Forward-Looking Information

This news release includes certain statements that may be deemed “forward-looking statements”. All statements in this new release, other than statements of historical facts, that address events or developments that the Company expects to occur, are forward-looking statements. Forward-looking statements are statements that are not historical facts and are generally, but not always, identified by the words “expects”, “plans”, “anticipates”, “believes”, “intends”, “estimates”, “projects”, “potential” and similar expressions, or that events or conditions “will”, “would”, “may”, “could” or “should” occur and specifically include statements regarding: closing of the Brokered Offering and Non-Brokered Offering, including receipt of approvals therefor, the Company’s strategies, expectations, planned operations or future actions, including but not limited to exploration programs at its Reefton and Glamorgan projects and the results thereof. Although the Company believes the expectations expressed in such forward-looking statements are based on reasonable assumptions, such statements are not guarantees of future performance and actual results may differ materially from those in the forward-looking statements.

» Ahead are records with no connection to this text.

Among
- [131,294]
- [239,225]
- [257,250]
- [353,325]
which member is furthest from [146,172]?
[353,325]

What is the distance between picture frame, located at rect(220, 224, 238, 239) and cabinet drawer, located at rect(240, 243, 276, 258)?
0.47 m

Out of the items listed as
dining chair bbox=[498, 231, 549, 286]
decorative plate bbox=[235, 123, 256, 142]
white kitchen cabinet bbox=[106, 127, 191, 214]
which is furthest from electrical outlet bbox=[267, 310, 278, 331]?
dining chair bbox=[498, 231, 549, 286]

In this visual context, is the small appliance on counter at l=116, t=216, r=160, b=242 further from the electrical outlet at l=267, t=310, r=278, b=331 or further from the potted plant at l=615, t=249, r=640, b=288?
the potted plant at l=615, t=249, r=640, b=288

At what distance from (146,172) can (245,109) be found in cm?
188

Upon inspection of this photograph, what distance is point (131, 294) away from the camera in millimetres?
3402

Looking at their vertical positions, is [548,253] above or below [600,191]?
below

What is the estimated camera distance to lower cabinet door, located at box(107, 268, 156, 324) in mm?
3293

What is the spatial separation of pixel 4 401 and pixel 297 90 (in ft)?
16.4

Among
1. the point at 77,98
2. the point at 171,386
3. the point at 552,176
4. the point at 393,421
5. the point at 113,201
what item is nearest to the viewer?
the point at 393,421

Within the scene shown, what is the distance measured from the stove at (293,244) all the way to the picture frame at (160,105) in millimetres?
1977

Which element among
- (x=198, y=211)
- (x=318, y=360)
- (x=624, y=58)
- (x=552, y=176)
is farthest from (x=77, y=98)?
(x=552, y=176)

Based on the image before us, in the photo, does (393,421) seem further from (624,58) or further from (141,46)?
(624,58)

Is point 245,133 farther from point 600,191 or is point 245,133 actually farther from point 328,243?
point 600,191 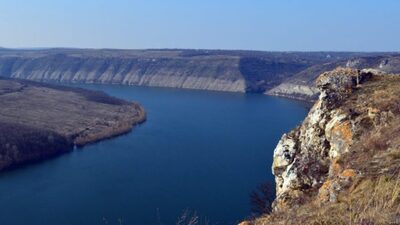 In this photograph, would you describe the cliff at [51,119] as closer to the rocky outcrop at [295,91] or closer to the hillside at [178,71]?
the rocky outcrop at [295,91]

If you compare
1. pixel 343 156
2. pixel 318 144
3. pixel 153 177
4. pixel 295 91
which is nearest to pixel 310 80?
pixel 295 91

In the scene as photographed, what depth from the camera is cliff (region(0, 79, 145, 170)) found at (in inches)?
1251

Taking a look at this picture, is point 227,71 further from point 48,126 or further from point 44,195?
point 44,195

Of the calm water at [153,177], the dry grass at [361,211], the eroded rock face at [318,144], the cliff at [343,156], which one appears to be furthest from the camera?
the calm water at [153,177]

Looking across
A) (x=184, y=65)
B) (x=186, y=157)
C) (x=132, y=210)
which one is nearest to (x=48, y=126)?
(x=186, y=157)

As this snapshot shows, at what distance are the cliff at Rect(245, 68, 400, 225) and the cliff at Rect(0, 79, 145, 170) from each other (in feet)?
77.9

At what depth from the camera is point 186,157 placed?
91.9 ft

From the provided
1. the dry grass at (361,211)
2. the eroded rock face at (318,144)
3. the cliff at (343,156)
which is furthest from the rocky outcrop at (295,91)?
the dry grass at (361,211)

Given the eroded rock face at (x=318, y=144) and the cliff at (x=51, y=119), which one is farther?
the cliff at (x=51, y=119)

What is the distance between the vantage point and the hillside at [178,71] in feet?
253

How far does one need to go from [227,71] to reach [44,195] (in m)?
64.1

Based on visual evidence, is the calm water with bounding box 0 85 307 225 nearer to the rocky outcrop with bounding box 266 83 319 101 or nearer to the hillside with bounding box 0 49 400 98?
the rocky outcrop with bounding box 266 83 319 101

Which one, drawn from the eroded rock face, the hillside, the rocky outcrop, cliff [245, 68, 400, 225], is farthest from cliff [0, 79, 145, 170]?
the hillside

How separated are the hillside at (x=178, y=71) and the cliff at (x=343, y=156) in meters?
60.3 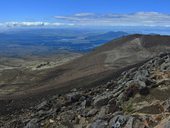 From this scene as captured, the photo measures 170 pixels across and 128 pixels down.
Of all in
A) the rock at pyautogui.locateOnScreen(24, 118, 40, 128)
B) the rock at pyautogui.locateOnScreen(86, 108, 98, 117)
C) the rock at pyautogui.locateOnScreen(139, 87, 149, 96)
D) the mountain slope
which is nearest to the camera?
the rock at pyautogui.locateOnScreen(86, 108, 98, 117)

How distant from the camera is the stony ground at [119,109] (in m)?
24.6

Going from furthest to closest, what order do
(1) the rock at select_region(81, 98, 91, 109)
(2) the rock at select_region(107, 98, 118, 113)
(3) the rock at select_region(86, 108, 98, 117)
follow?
(1) the rock at select_region(81, 98, 91, 109) → (3) the rock at select_region(86, 108, 98, 117) → (2) the rock at select_region(107, 98, 118, 113)

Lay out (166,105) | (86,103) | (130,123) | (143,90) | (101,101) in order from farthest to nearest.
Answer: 1. (86,103)
2. (101,101)
3. (143,90)
4. (166,105)
5. (130,123)

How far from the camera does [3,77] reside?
94.4 m

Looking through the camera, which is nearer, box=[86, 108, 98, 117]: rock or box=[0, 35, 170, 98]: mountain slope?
box=[86, 108, 98, 117]: rock

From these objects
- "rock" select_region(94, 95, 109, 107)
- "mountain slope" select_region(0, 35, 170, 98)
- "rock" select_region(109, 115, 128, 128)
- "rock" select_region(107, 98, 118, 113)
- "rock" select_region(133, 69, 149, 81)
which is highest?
"rock" select_region(133, 69, 149, 81)

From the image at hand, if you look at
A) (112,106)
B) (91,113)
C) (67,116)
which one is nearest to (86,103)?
(67,116)

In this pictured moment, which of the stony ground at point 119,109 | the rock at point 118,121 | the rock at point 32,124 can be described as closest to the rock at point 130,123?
the stony ground at point 119,109

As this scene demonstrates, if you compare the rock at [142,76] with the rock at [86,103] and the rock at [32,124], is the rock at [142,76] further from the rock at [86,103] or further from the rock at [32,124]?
the rock at [32,124]

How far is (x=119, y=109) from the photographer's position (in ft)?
94.0

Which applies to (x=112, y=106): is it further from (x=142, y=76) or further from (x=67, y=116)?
(x=142, y=76)

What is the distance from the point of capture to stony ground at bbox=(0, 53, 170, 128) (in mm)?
24577

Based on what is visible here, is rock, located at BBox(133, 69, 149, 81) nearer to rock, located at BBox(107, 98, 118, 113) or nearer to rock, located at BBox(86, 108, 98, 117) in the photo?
rock, located at BBox(107, 98, 118, 113)

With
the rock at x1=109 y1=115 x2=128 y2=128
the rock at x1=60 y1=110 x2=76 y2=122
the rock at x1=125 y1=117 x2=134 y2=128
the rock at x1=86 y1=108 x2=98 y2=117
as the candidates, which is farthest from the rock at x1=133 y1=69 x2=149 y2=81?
the rock at x1=125 y1=117 x2=134 y2=128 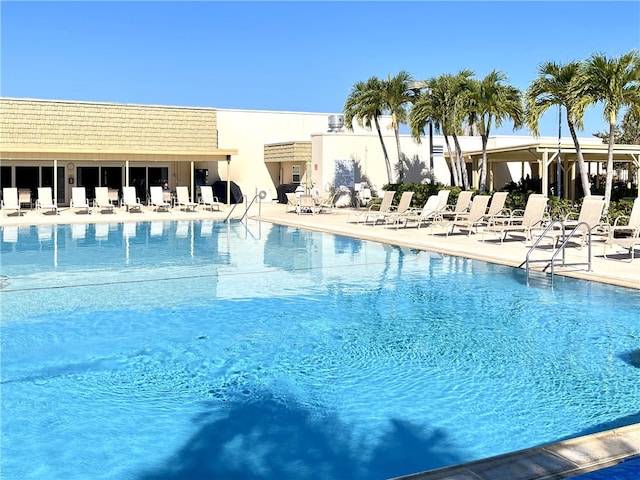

Investors are cautioned that any such forward-looking statements are not guarantees of future performance and actual results or developments may differ materially from those projected in the forward-looking statements. A variety of inherent risks, uncertainties and factors, many of which are beyond the Company’s control, affect the operations, performance and results of the Company and its business, and could cause actual events or results to differ materially from estimated or anticipated events or results expressed or implied by forward looking statements. Some of these risks, uncertainties and factors include: general business, economic, competitive, political and social uncertainties; risks related to the effects of the Russia-Ukraine war; risks related to climate change; operational risks in exploration, delays or changes in plans with respect to exploration projects or capital expenditures; the actual results of current exploration activities; conclusions of economic evaluations; changes in project parameters as plans continue to be refined; changes in labour costs and other costs and expenses or equipment or processes to operate as anticipated, accidents, labour disputes and other risks of the mining industry, including but not limited to environmental hazards, flooding or unfavorable operating conditions and losses, insurrection or war, delays in obtaining governmental approvals or financing, and commodity prices.

Forward-looking statements are based on the beliefs, estimates and opinions of the Company’s management on the date the statements are made. Except as required by applicable securities laws, the Company undertakes no obligation to update these forward-looking statements in the event that management’s beliefs, estimates or opinions, or other factors, should change.